James Battle or Battle was a fast, shallow-draft river steamer of Mobile, built in New Albany, Ind., in 1860 with high pressure machinery. Considered for arming as a gunboat to defend Mobile, Battle was not armed like the Morgan class only because of the farsighted policy of Flag Officer Victor M. Randolph, CSN, who rejected palliatives and would have nothing to do with anything but ironclads for his fleet.

 

Turned down finally as a gunboat, Battle undoubtedly served the Confederate Army in varied transport services, under Capt.

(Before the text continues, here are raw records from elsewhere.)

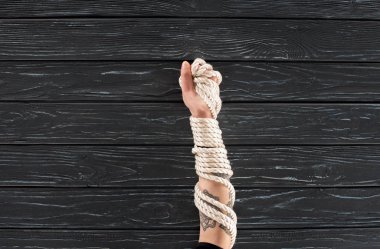 Kısmi Deniz ip ile el görünümünü koyu ahşap yüzey üzerinde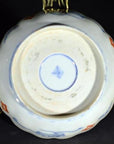 Close-up of the underside of a blue and gold antique Asian hand painted porcelain bowl with maker's mark and metal handles.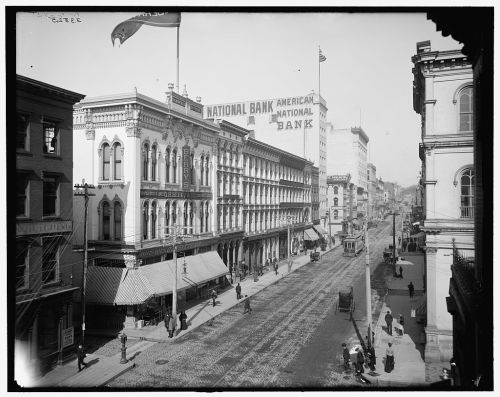 Historic street view featuring the National Bank building, shops, and a streetcar in a bustling urban setting.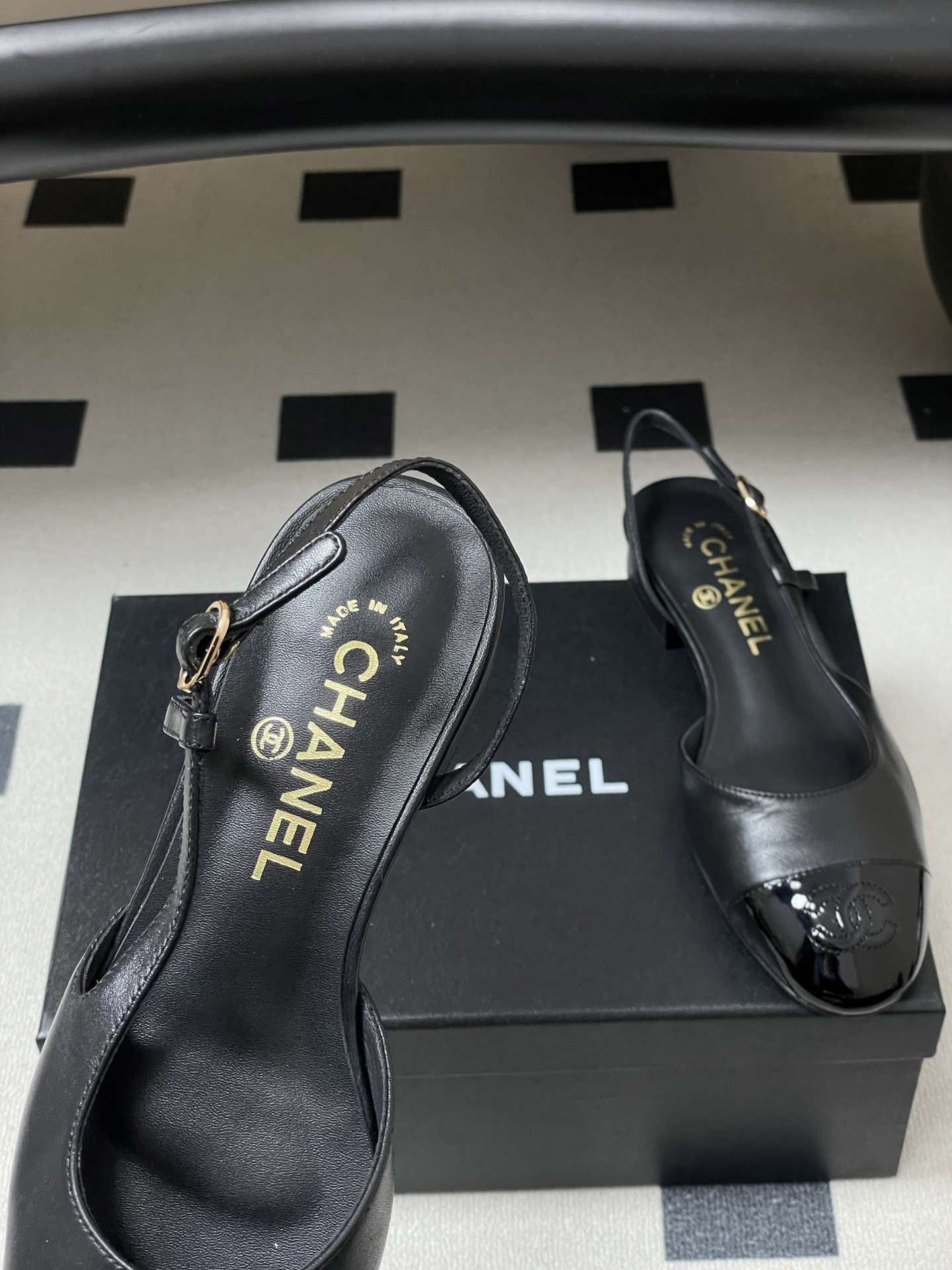 Pair of Chanel black leather slingback pumps with patent cap toe and gold CC logo on a black surface - Hình 7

Jesse J. Coxe, until captured running the blockade; she was laden with naval stores and over 600 bales of cotton on 18 July 1863 70 miles southeast of Mobile bar when overhauled by USS De Soto and Ossipee. Armed with four 12-pounders and kept for "temporary use... to scour the coast" from Tampa to St. Marks, Fla., prize steamer Battle under Lt. Comdr. A. A. Semmes, USN, was instrumental in bringing about the destruction of another blockade runner, a cotton warehouse at Bayport and assisting other naval operations in Florida.

 

Battle, in the words of Adm. Theodoras Bailey, USN, was "the finest packet on the Alabama River and was altered to suit her for a blockade runner at a large expense." As such, whether within the scope of this listing as fully Confederate Government-owned or not, Battle deserves special mention as representative of a class of the newer river steamers with high-pressure plants whose light hulls the Confederates converted at great expense but with relative success for quick dashes across the Gulf to Havana or Nassau with cotton. Admiral Bailey complained: "The Warren, Fannie, William Bagley [captured same day as Battle by same blockaders], W. H. Smith, Alabama, Alice Vivian and St. Mary's are other vessels of the same class. The De Soto is the only vessel I have with sufficient speed to overtake any of these traders."—Farragut's Ossipee apparently was another. Histories of these ships are omitted since it is not certain they all were public vessels, but Alice Vivian at least did some troop carrying as evidenced at the time of her capture by De Soto, 16 August 1863, with the whole staff and baggage of Brig. Gen. James E. Slaughter, CSA—only by merest accident missing the general too.